YOUR INSTRUCTIONS: Copy out the data line by line exactly, from its start to the line bearing "155 Potomac Passage, Unit", inclusive.

[[ PROVIDED DATA open ]]

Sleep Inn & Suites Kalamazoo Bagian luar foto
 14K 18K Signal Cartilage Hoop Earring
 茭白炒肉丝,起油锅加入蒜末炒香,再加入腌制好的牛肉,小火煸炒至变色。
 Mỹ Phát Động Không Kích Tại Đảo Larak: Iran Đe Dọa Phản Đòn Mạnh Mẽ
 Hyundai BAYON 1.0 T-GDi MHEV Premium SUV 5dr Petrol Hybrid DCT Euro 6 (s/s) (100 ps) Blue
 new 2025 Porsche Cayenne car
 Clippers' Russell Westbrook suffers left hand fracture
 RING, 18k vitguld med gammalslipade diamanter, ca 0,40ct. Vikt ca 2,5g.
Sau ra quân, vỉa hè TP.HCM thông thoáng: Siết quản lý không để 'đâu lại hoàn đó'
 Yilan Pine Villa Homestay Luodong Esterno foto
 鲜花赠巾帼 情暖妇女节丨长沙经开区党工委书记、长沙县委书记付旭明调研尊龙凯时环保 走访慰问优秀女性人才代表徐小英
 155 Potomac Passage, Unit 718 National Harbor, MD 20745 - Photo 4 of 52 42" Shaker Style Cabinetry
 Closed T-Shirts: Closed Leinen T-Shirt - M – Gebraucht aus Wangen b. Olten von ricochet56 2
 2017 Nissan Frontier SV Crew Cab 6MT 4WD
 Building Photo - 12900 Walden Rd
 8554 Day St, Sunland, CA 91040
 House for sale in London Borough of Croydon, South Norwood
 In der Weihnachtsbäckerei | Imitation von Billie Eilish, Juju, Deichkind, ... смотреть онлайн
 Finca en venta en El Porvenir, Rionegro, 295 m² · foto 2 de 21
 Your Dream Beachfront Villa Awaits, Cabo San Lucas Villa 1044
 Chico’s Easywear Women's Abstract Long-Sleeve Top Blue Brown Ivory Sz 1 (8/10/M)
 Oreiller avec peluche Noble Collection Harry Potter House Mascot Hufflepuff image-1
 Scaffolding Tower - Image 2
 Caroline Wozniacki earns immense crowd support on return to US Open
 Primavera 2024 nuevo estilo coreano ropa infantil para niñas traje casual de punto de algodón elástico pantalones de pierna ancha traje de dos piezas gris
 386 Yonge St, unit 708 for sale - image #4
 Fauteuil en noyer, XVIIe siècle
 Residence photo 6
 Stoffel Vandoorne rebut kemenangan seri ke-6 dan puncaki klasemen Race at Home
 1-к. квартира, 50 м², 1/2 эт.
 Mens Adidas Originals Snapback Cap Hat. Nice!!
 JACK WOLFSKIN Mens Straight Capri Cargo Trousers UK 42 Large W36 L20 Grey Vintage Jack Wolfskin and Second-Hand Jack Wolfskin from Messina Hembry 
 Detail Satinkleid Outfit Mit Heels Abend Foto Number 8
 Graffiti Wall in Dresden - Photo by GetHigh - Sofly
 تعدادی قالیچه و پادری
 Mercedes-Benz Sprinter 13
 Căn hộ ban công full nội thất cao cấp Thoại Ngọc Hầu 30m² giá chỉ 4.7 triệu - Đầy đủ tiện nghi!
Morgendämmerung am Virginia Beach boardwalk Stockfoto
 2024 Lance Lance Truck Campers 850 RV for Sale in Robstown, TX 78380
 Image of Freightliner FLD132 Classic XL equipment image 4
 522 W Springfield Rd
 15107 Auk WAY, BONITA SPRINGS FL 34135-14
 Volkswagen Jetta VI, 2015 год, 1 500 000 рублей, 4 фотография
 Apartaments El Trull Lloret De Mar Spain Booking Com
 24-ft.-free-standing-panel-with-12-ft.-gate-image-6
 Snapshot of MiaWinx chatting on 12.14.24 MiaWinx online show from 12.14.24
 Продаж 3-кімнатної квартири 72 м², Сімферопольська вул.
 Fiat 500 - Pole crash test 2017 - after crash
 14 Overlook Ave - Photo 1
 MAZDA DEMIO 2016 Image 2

[[ PROVIDED DATA closed ]]

EXERCISE SOLUTION:
Sleep Inn & Suites Kalamazoo Bagian luar foto
 14K 18K Signal Cartilage Hoop Earring
 茭白炒肉丝,起油锅加入蒜末炒香,再加入腌制好的牛肉,小火煸炒至变色。
 Mỹ Phát Động Không Kích Tại Đảo Larak: Iran Đe Dọa Phản Đòn Mạnh Mẽ
 Hyundai BAYON 1.0 T-GDi MHEV Premium SUV 5dr Petrol Hybrid DCT Euro 6 (s/s) (100 ps) Blue
 new 2025 Porsche Cayenne car
 Clippers' Russell Westbrook suffers left hand fracture
 RING, 18k vitguld med gammalslipade diamanter, ca 0,40ct. Vikt ca 2,5g.
Sau ra quân, vỉa hè TP.HCM thông thoáng: Siết quản lý không để 'đâu lại hoàn đó'
 Yilan Pine Villa Homestay Luodong Esterno foto
 鲜花赠巾帼 情暖妇女节丨长沙经开区党工委书记、长沙县委书记付旭明调研尊龙凯时环保 走访慰问优秀女性人才代表徐小英
 155 Potomac Passage, Unit 718 National Harbor, MD 20745 - Photo 4 of 52 42" Shaker Style Cabinetry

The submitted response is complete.